In recent months, online alcohol recovery startups Monument and Tempest have been receiving criticism for sharing the personal information and health data of their patients without their consent. In a statement, Monument admitted that it had shared patient data with advertisers without consent for years, but claimed that this practice had ceased as of March 2018. Critics argue that this practice is invasive and unnecessary, and that patients should have the ability to choose whether or not their details are shared.
In the notification filed with California’s attorney general, Monument confirmed that a data breach occurred in 2022, involving the extensive release of patient information by their use of third-party tracking systems developed by ad giants including Facebook, Google, Microsoft and Pinterest. The company estimated that over 143 million patients were impacted by this breach and saw their personal information including Names, addresses, dates of birth and partial medical records released online. While no details on how this data was obtained have been released yet, it is likely that hackers gained access to these tracking systems through vulnerabilityscanning activities or social engineering techniques.
To help keep track of how website visitors are interacting with their websites, many companies use small snippets of code called “web trackers.” These trackers often collect information such as the pages a visitor visits, how long they spend on each page, and which ads they click. Recently, two major tech companies confirmed that they were using web trackers: Google and Facebook. By sharing this information with these companies, website owners can understand which parts of their websites users find most interesting and useful. This allows them to improve the usability and design of their websites for future visitors.

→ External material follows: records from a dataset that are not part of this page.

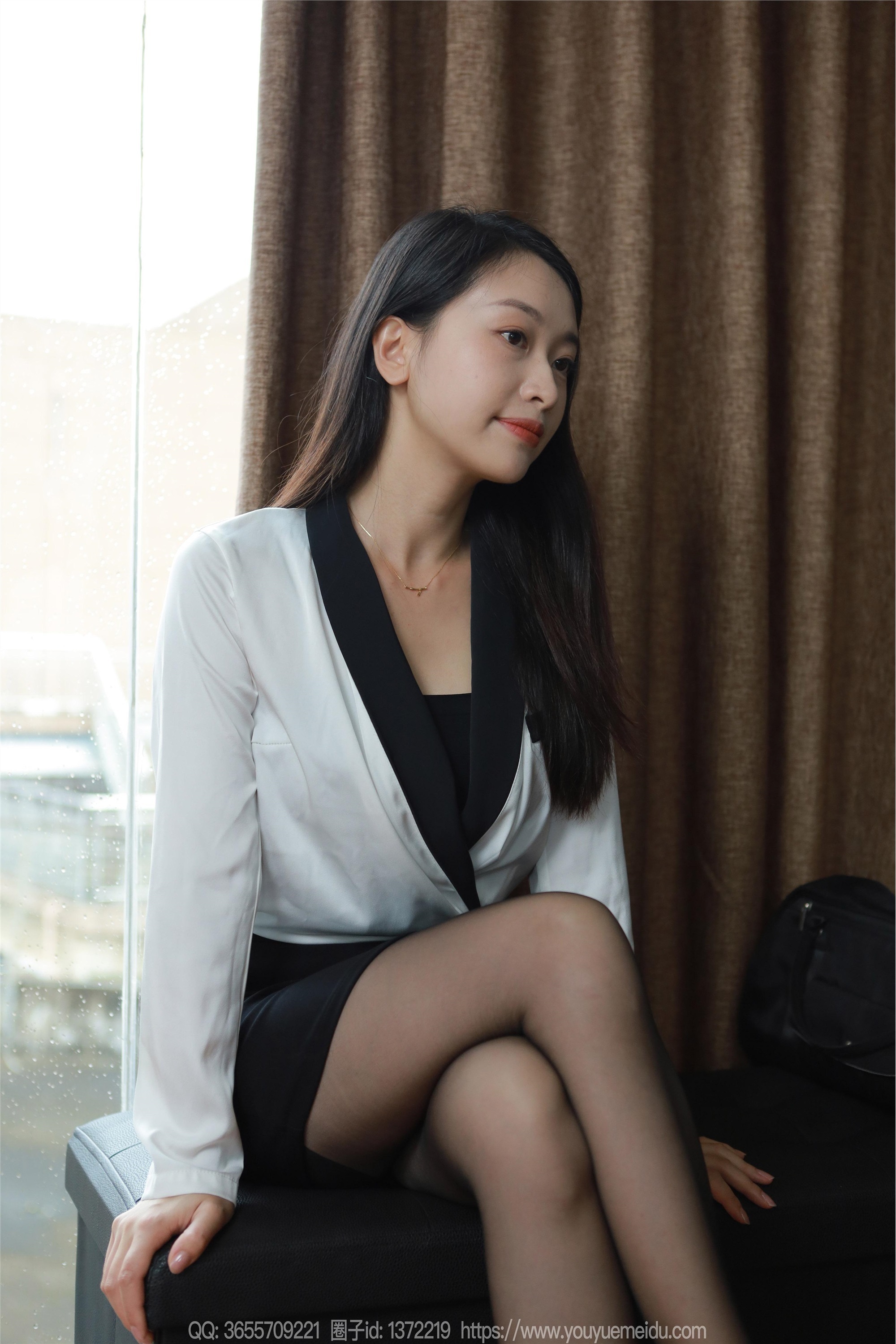 IESS异思趣向  2024.09.05 丝享家 1838 小婕《黑白职业装（上）》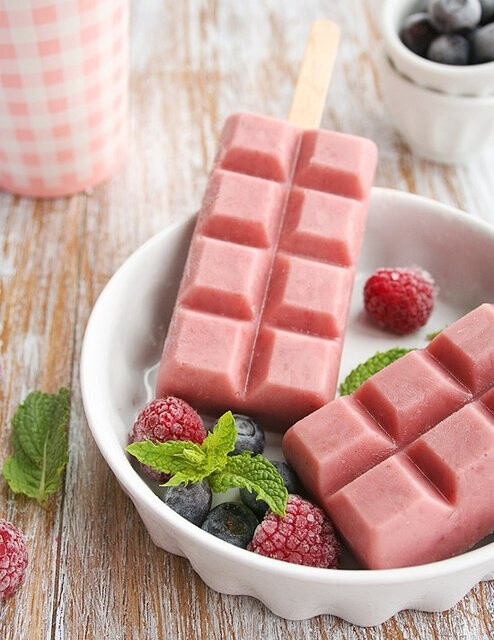 frozen fruit smoothie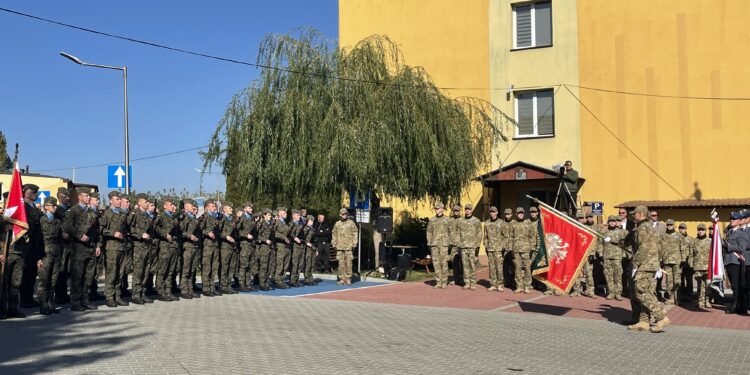 07.10.2022. Opatów. Nadanie imienia płk. Jana Piwnika Ponurego szkołom Zespołu Szkół nr 1 / Fot. Emilia SItarska - Radio Kielce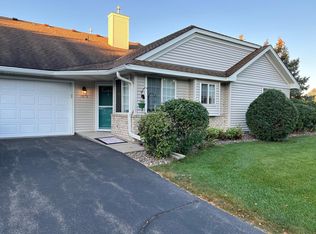 1872 N Ruby Ct, Eagan, MN 55122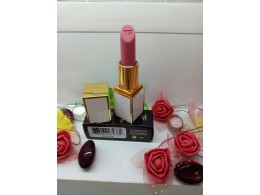 Son Tom Ford số 24 Greta màu hồng nhạt ánh ngọc trai
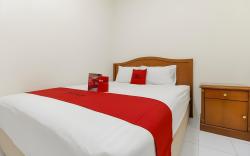 RedDoorz Plus near Ciputra World Kuningan 2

All this information is valuable to companies looking to target their advertising to specific patient populations. By gathering and analyzing this data, doctors can identify patterns in the way patients consume alcohol, which can help them better prescribe treatment plans. In addition, analyses of patient survey responses can give manufacturers insight into what people want when it comes to alcohol products.
The Monument website states that the survey results are “protected” and “used only” by the care team. However, upon examination of the website’s source code, it appears that these results may be accessible to anyone with access to Monument’s database. This raises ethical questions about how much information the care team is able to access and use without consent or explanation.
The tech companies Monument and Tempest confirmed that they had shared patients’ sensitive data with advertisers since January 2020 and November 2017, respectively. Both companies claim to have removed the tracking code from their websites, but the data is still available to be accessed by third-party advertisers. The tech giants are not obligated to delete the data that was shared with them, meaning patients’ personal information remains vulnerable to being collected and used by third parties.
Some experts are saying that Monument and Tempest could be two of the most important new companies entering the tech sphere in a long time. Both companies have innovative products that could change the way we work and learn, and their impact on the industry is still being determined.
In light of recent healthcare data breaches, companies are starting to disclose the inadvertent sharing of patient data with third-parties by way of tracking technologies. This leak of personal and health information raises concerns about how secure our information really is, and how susceptible we are to hackers who could potentially access this data without our knowledge or consent.